The theoretical and methodological basis of the research is represented by the scientific works of leading scientists in the field of corporate governance, as well as the author's interpretation of the impact of corporate governance on the economic development and growth of the state. In the research process, such methods as analysis and synthesis, the method of historical and logical modeling were used. As theoretical methods, the formalization method, the "from abstract to concrete" method, as well as the historical method and the method of economic interpretation are used in the work. From a practical point of view, the method of grouping statistical data, statistical and econometric analysis was also used in the study. corporate governance economic state

Keywords: corporate management, enterprise development, economic growth, effective management, development.

ВПЛИВ КОРПОРАТИВНОГО УПРАВЛІННЯ НА ЕКОНОМІЧНИЙ РОЗВИТОК ТА ЗРОСТАННЯ

Кришталь Галина Олександрівна

Міжрегіональна академія управління персоналом,

Київ, Україна

Мета статті полягає в виявленні впливу корпоративного управління на економічний розвиток та зростання держави. У статті запропоновані можливі конали зростання та розвитку корпоративного управління: хороше корпоративне управління може розширити доступ компаній до зовнішнього фінансування, що, своєю чергою, сприяє залученню нових інвестицій, вищим темпам економічного зростання та створення нових робочих місць; хороше корпоративне управління може знизити вартість капіталу та підвищити вартість компанії, роблячи інвестиції привабливішими, що веде до подальшого економічного зростання та збільшення зайнятості; ефективне управління підвищує операційну ефективність завдяки кращому розподілу ресурсів та вдосконалення менеджменту, допомагає більш рівномірного розподілу добробуту; ефективне корпоративне управління знижує ризик фінансової кризи, яка може спричинити руйнівні економічні та соціальні наслідки; ефективне корпоративне управління призводить до покращення взаємовідносин з усіма зацікавленими сторонами (стейкхолдерами) та, відповідно, поліпшення трудових відносин, а також створення умов для роботи над соціальними проблемами, зокрема, питаннями захисту довкілля.

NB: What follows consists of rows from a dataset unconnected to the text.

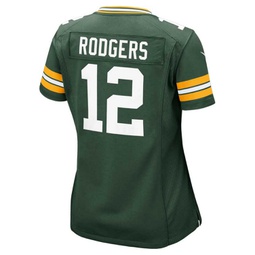 Womens Aaron Rodgers Green Bay Packers Game Jersey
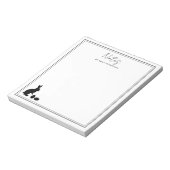 Minimalist Bunny And Eggs In Black Modern Easter Notitieblok (Linkerzijde)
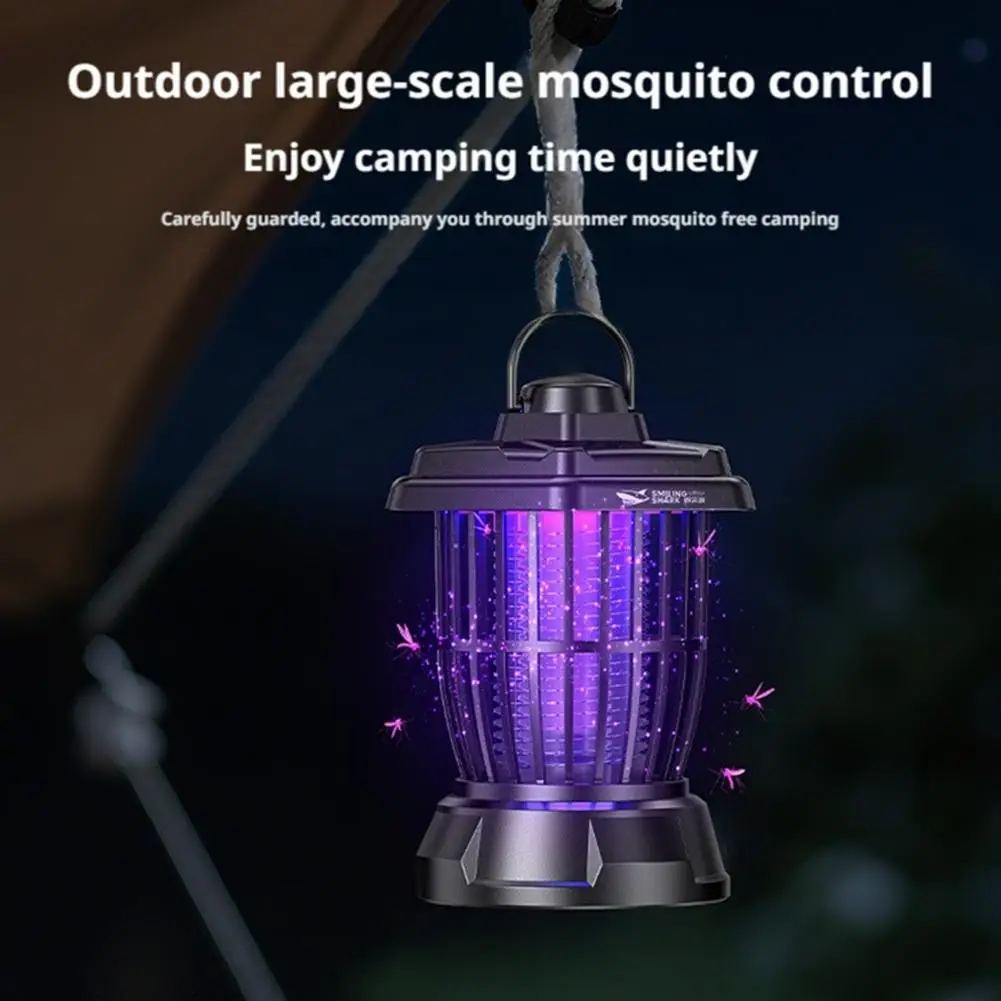 Outdoor Camping UV Mosquito Killer Lamp 1200mAh Battery Rechargeable Hanging Bug Fly Zapper Light Portable Pest Control Lantern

Теоретична та методологічна база дослідження представлена науковими працями провідних учених у галузі корпоративного управління, а також авторським трактуванням впливу корпоративного управління на економічний розвиток та зростання держави. У процесі дослідження використовувалися такі методи, як аналіз та синтез, метод історичного та логічного моделювання. Як теоретичні методи в роботі застосовуються метод формалізації, метод «від абстрактного до конкретного», а також історичний метод, метод економічної інтерпретації. З практичної точки зору в дослідженні також були задіяні метод угруповання статистичних даних, статистичний та економетричний аналіз.

Ключові слова:корпоративне управління, розвиток підприємства, зростання економіки, ефективне управління, розвиток.

INTRODUCTION

The relevance of the study is determined by the fact that corporate governance under the conditions of strengthening integration processes requires ensuring a high level of competitiveness of the corporation on world markets. Currently, one of the most urgent issues of improving the efficiency of corporate governance is the growth of the market value of shares, which is possible in the case of improving management decisions due to the development of the concept of corporate governance. Therefore, the problem of improving the mechanism of corporation management, taking into account the consistency of corporate interests of the subjects of corporate relations to create an optimal corporation management strategy, is of particular importance.

LITERATURE REVIEW

A significant number of monographs, articles in scientific anthologies and magazines, and publications in the periodical press are devoted to the issues of various aspects of corporate management and the functioning of corporate entities. The study of published works shows the weakening of attention to the systematic study of corporate management, the need for an organic combination of theoretical and economic research with analysis, which allows to give a comprehensive reflection of the nature of the corporation, distinctive features of development, the role of this institution in the socio-economic transformation of the country, in the formation of a socially oriented mixed economy.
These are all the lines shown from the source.